Date: 3 December, 2020
by Divya Menon, UILS, Panjab University
Information given under sub-section 1 of section 154 CrPC is commonly known as First Information Report (FIR). It is the earliest and the first information of a cognizable offence recorded by an officer-in-charge of a police station.
According to section 154(1) CrPC, the recording of an FIR in case of cognizable offences is compulsory. The non-performance of this duty by the Police officer in charge has both consequences and remedies.
Section 154(2) CrPC provides that the informant is entitled to get a copy of the First Information Report lodged by him free of cost.
Section 154(3) CrPC gives remedy to the aggrieved party hit by non-registration of FIR.
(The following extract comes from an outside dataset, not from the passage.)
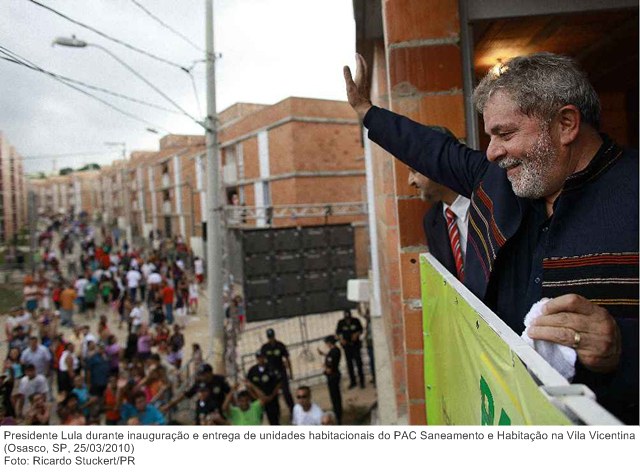 Presidente Lula durante inauguração e entrega de unidades habitacionais do PAC Saneamento e Habitação na Vila Vicentina.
OBLIGATION TO REGISTER FIR IN COGNIZABLE OFFENCES:
In Lalita Kumari vs. Govt. of Uttar Pradesh (WRIT PETITION (CRIMINAL) NO. 68 OF 2008), the question before the Supreme Court was whether a police officer is bound to register a First Information Report (FIR) upon receiving any information relating to commission of a cognizable offence under section 154 of CrPC or the police officer has the power to conduct a preliminary inquiry in order to test the veracity of such information before registering the same.
The Supreme Court on 12 November, 2013 in this case held that it is mandatory to register FIR in case the offence being reported is cognizable and falls under the jurisdiction of that Police station.
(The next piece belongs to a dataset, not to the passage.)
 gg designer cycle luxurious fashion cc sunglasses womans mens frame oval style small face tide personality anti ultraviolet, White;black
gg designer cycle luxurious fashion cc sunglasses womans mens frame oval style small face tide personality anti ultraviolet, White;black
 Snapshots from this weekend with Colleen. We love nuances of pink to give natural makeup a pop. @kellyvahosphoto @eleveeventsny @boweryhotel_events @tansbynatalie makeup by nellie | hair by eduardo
When a Police officer fails to comply with this obligatory duty, he commits an offence under Section 166A(c) of the IPC.
This provision is not only applicable for certain offences against women but it makes punishable the failure to record any information given to a public servant under Section 154(1) (which relates to registration of FIR).
REMEDIES AVAILABLE TO THE AGGRIEVED PARTY
Section 154(3) CrPC provides that any person aggrieved by the refusal on the part of an officer in charge of a police station to record the information referred to in subsection (1) may send the substance of such information, in writing and by post, to the Superintendent of Police concerned who, if satisfied that such information discloses the commission of a cognizable offence, shall either investigate the case himself or direct an investigation to be made by any police officer subordinate to him, in the manner provided by this Code, and such officer shall have all the powers of an officer in charge of the police station in relation to that offence. This sub-section gives the remedy of approaching the Superintendent of Police or the Commissioner of the police with a written complaint.
If the given remedy fails to do the needful, the informant is legally entitled to file a complaint to the Judicial Magistrate/ Metropolitan Magistrate u/s 156(3) CrPC asking for FIR to be registered by the police and investigation into the matter.
A Writ Petition in the respective High Court may be filed for the issuance of Mandamus against the defaulting Police officers.